2) 2 i personally would leave it for another week at primary fermentation temp for the yeast to clean up their mess (you dont see the hydro drop) you should have a nicer drop
3) if the beer machine holds 10-15 psi whilst fermenting would you even need to prime it shouldn't it already be carbonated during the primary fermentation?

you can also cold condition in the party keg to free up your beer machine for another batch! The first pour will be a little cloudy the rest should be clear as long as you dont mix it up


welcome to AHB and to brewing


----------



## okolicsa (13/10/11)

Thanks for the extra tips guys. Duly noted.

Stux I think you are right. I can see that I will be getting a 23litter brewing kit soon. I have also realised that the tap on the beer machine does not work very efficiently without pressure. I expect filling the second keg might take some time without a CO2 cartridge to help. As for cold crashing my brew, it is becoming increasingly clear that a brew fridge will be needed, not only for chilling but also for temperature control during fermentation (I live in QLD).

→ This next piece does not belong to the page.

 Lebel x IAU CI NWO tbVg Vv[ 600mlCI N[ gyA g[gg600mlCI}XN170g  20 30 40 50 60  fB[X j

Mikey, yes the beer machine does also carbonated during the primary fermentation, so in theory you should not need to re-carbonate. I was hoping to add some sugar to create a CO2 barrier and additional carbonation in the keg for storage. 

So now that the beer machine is free, its time for a new brew. I think I will change the process a little bit to be:
1st brew, 2 weeks fermentation in the beer machine and then fill the kegs (adryargumet, this should get it away from the yeast cake and free the beer machine up). 
2nd brew, will be done all in the beer machine, fermentation then to the fridge. 

It will be interesting to compare the clarity of the beer from the 2 processes and see if the beer machine lives up to my 1st original brew and be ready in 3 weeks when brewing from a different kit than the intended delivered one. If it does in theory I will brew 20 litters in 4-5 weeks, similar to the coopers kit.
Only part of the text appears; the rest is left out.